§ **What is required**
Images don't belong in the copy. Output the rest of the data exactly.

§ **Dataset extract**
------------

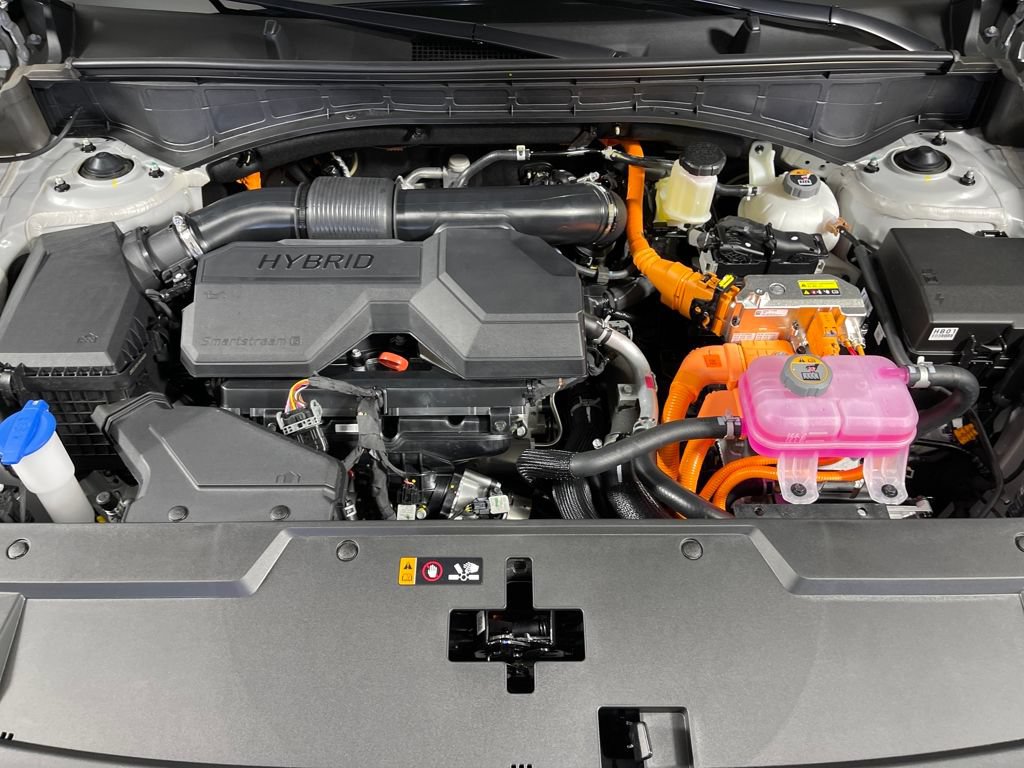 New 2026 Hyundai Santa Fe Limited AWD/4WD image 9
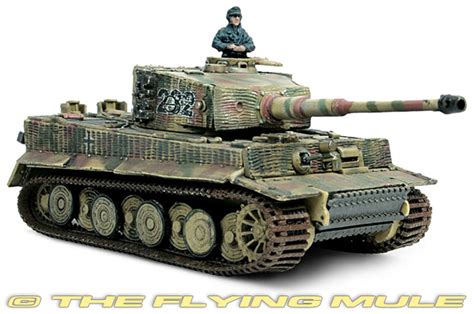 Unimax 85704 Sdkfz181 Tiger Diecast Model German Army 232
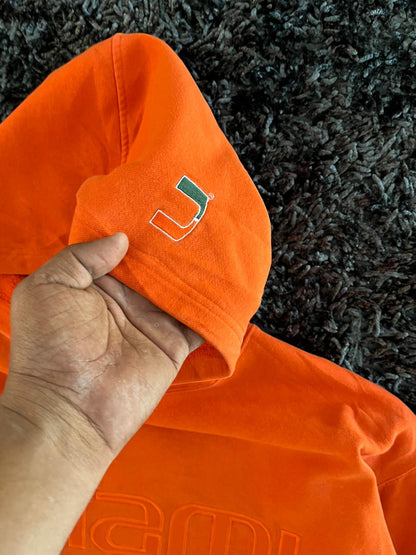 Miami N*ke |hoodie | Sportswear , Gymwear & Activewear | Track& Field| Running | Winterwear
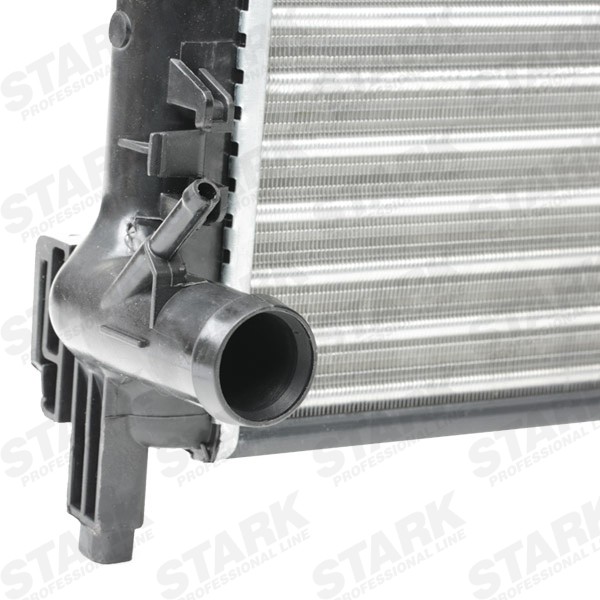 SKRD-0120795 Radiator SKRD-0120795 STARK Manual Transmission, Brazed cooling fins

------------

§ **Written response**
 New 2026 Hyundai Santa Fe Limited AWD/4WD image 9
 Unimax 85704 Sdkfz181 Tiger Diecast Model German Army 232
 Miami N*ke |hoodie | Sportswear , Gymwear & Activewear | Track& Field| Running | Winterwear
 SKRD-0120795 Radiator SKRD-0120795 STARK Manual Transmission, Brazed cooling fins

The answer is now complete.